In return, you must undergo the marketing equivalent of a proctology exam, providing the company with all manner of demographic, financial, and personal details about your life. You must let Free-PC (www.free-pc.com) follow you around the Net. And you must promise to be at your PC at least 10 hours a month (your free Presario automatically tattles to the company if you fail to log enough hours).
Kick Me These aren't the only catches. Just 2GB of the 4GB hard drive is available for your files. The other half is reserved for folks such as Barry Diller--a $10 million investor in Free-PC--who want to stock you system with movie previews and advertising. The viewable area on your puny 15-inch monitor is further reduced by an inch of nonremovable banner ads at the bottom and along the right side. At first, these come-ons will cater to the demographics you provide. Over time, they'll goad you according to your shopping patterns, entertaining you with "content" about things you're interested in (buying).

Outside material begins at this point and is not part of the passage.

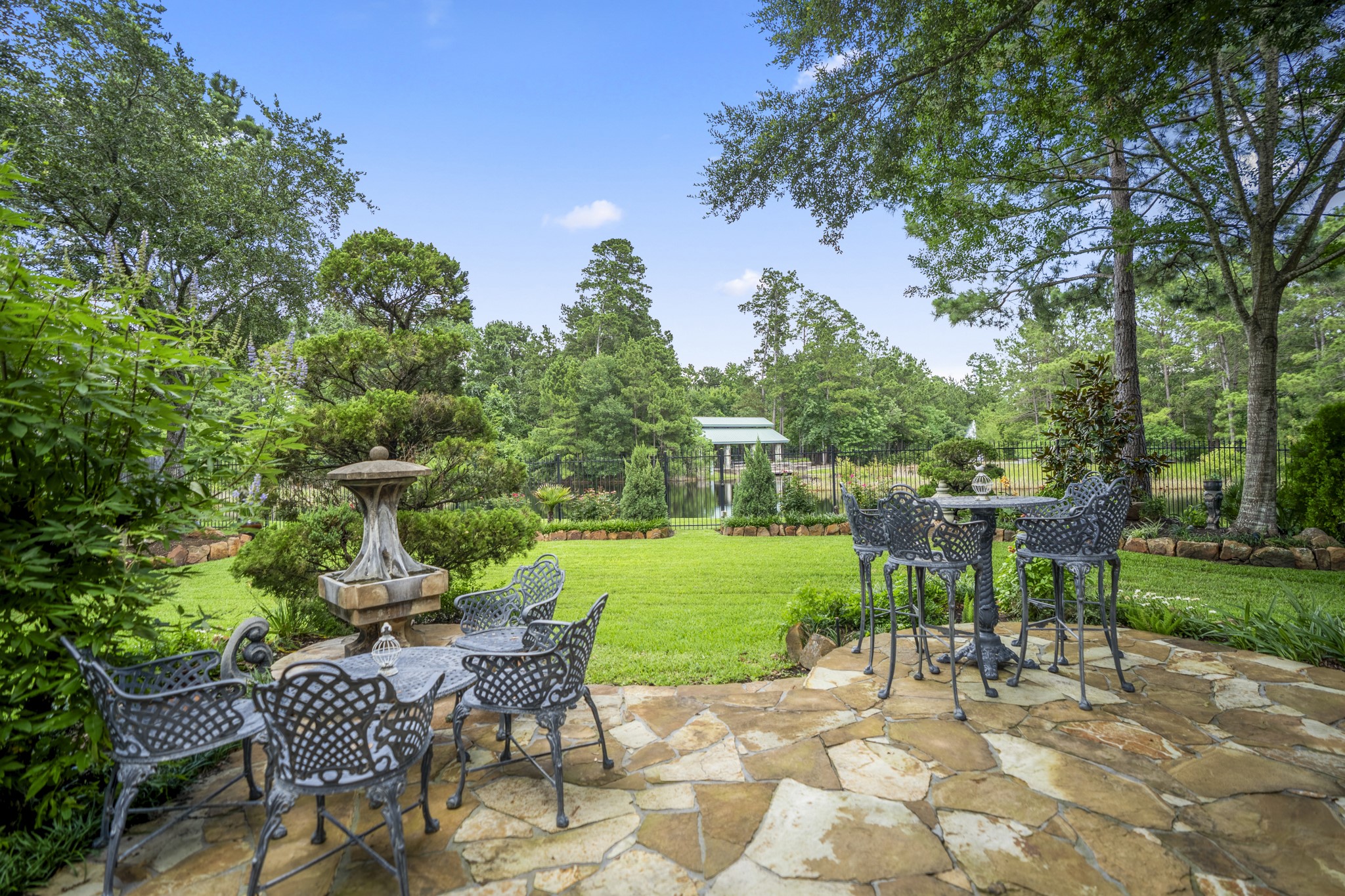 67 North Pentenwell Circle Spring, TX 77382 - Photo 39 of 50 a view of a chair and table in backyard of the house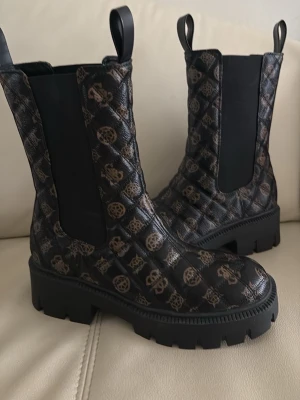 Svarta  boots från Guess - Säljer ett par svarta Chelsea boots från Guess med chunky sula och brunt logomönster över hela skon.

Who would fall for this ruse? Well, aside from the millions who hit the site in the first 48 hours--requiring the company to add 20 servers to its system--probably no one. It's surprising how fast a half million rubes dropped their knickers on the spot, revealing personal info, hoping to be among the initial 10,000 households to snag free hardware.
OK, you're not surprised that large numbers of people will sell their souls for a box of circuit boards (large numbers of people will sell their souls for a box of corn flakes). The real puzzler is how Free-PC plans to make money off these purchased souls.
Bill Gross is no dummy. His other startup, idealab, has incubated and launched more than 20 Internet companies. Among these were Citysearch.com and eToys, both runaway successes.
From this experience, Gross discovered that repeat customers brought in the big bucks. The trick is in getting them to stick around your site. With Free-PC, he hopes to create "the stickiest customers in history."
His words, not ours.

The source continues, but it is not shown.